Tuesday, 11 December 2012

Virgin Australia Business Class Food and Beverage

Epicurean delights can be found in the most unusual places. After being loyal to Qantas until just before Alan Joyce grounded the fleet, I gave Virgin Business and their Lounge at Sydney airport a try. That was around 18 months ago and I was so impressed not only with the service afforded to me by the Lounge but also at the time, the Virgin Premium Economy offering, I switched brand loyalty and have not regretted it since.

Earlier in the year, Virgin Australia transformed its fleet and upgraded their aircraft to directly compete with Qantas Business Class. The "Premium Economy" offering was replaced with "Business Class" and I was one of the first adopters and have consistently been impressed even on the short-haul commuter flights between Melbourne and Sydney and vice-versa.

After flying Virgin flight DJ957 yesterday (10/12/12) from Sydney to Brisbane I thought it would be worth it to reflect on the food and beverage experience.

Normally I do my best to put a dent in the supply of "Fat Yak" that is found in bottles in the Lounge before boarding the plane. Business Class passengers are greeted enthusiastically at the forward entrance to the plane (and allowed to bypass the queue) where you are guaranteed space in the overhead compartment for your bags to rest. You are immediately offered a beverage whilst the passengers board and on this occasion I opted for some sparkling water which was served in a proper glass with a slice of lemon.

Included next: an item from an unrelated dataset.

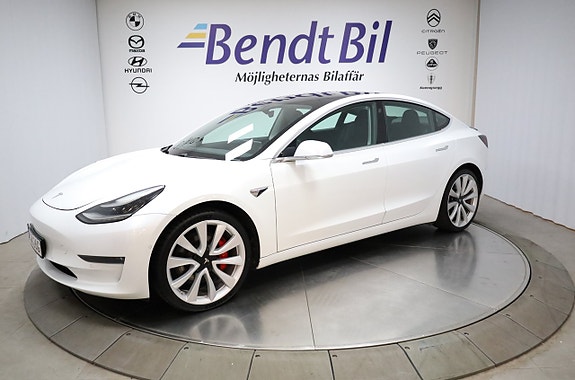 Tesla Model 3 5 of 25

After departing on-time (which for me is a common occurrence on Virgin flights, compared to Qantas) the cabin supervisor, Hayley, introduced herself and advised me of the two Luke Mangan (Glass, Sydney; Salt, Singapore) designed and/or inspired food offerings. After the seat belt indicator was turned off, Hayley returned with a gin & tonic (beefeater gin with equal parts gin and tonic as she prepared it in front of me in a tall glass) and I decided on the Pumpkin and Feta salad. Normally I do not order food since I tend to have dining plans at the destination but on this particular occasion after flying from Melbourne to Sydney earlier and not eating all day, I was ravenous.

The meal that was presented was substantial when you consider the offerings typically found on aircraft. What has always impressed me is that you are provided polished and real utensils and enough to consume two light courses. The polished silverware is a nice touch.

The spinach base was fresh and chilled, as was the pumpkin. It was not too cold though. It was complemented by soft beans and very strong feta which was soft but not dry. All of the elements were rather fresh and worked well together. The bread that was provided was warm, but not hot but also soft. The butter was also formed and soft and easily mashed. Some care went into putting together this dish on the airline to achieve the various temperatures and it was obvious that the food was stored properly. A pastry was also provided (the second course) and was much colder than the salad, and was very tasty.

During service Hayley would return a few additional times to make sure that I was hydrated with a constant supply of Beefeater gin, which complemented the salad, which in turn with the bread and pastry would ultimately be able to tide me over until my dinner reservation at 9:00 PM.

Epicurean delights can take many forms and sometimes come in the most surprising places. It impressed me enough to write about it on this blog. If you get the change to fly Virgin Business Class, even if you can exchange frequent flier points for the Business Class option, it is really worth it as it also includes Virgin Lounge access, which is certainly a marked improvement on the Qantas Club, which incidentally I never renewed that membership when it expired a year ago.

Brisbane is never my destination of choice and I usually end up in Queensland by chance these days however on this trip, I remain grateful to Hayley and the crew of flight DJ957 yesterday for the great in-flight experience and making my first dining and drinking foray in the sky as I crossed into Queensland a great and seemingly memorable one.